Publié le : 06 janvier 2014
Source : voltairenet.org
La mise au jour des liens unissant le Premier ministre, Recep Tayyip Erdoğan, à Al-Qaida bouleverse la politique turque. Non seulement Ankara soutenait très activement le terrorisme en Syrie, mais il le faisait dans le cadre d’une stratégie de l’Otan. Pour Thierry Meyssan, l’affaire montre aussi le caractère factice des groupes armés qui luttent contre l’État et le peuple syriens.
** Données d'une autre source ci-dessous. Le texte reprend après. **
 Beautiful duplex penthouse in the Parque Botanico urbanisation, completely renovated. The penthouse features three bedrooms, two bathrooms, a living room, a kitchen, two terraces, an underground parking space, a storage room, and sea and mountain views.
C’est la première fois depuis le 11-Septembre qu’un chef de gouvernement de l’Otan est surpris la main dans le sac, en train de travailler personnellement avec Al-Qaida.
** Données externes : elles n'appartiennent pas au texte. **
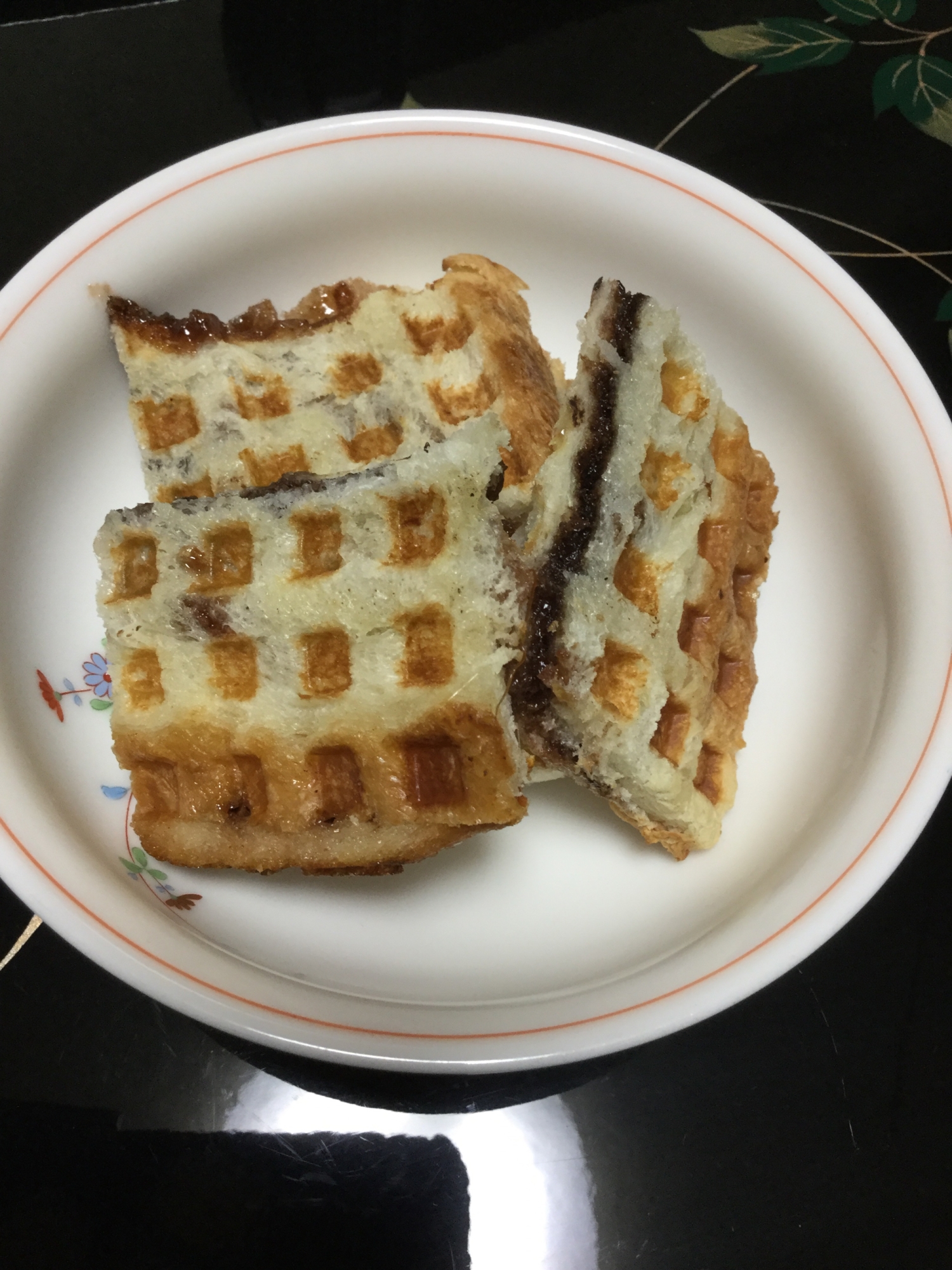 食パンでマシュマロのワッフル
Jusqu’à présent, les autorités des États membres de l’Otan affirment que la mouvance jihadiste internationale, qu’elles soutenaient à sa formation, lors de la guerre en Afghanistan contre les Soviétiques (1979), se serait retournée contre elles lors de la libération du Koweït (1991). Elles accusent Al-Qaida d’avoir attaqué les ambassades US eu Kenya et en Somalie (1998) et d’avoir fomenté les attentats du 11 septembre 2001, mais admettent qu’après la mort officielle d’Oussama Ben Laden (2011), certains éléments jihadistes auraient à nouveau collaboré avec eux en Libye et en Syrie. Toutefois, Washington aurait mit fin à ce rapprochement tactique en décembre 2012.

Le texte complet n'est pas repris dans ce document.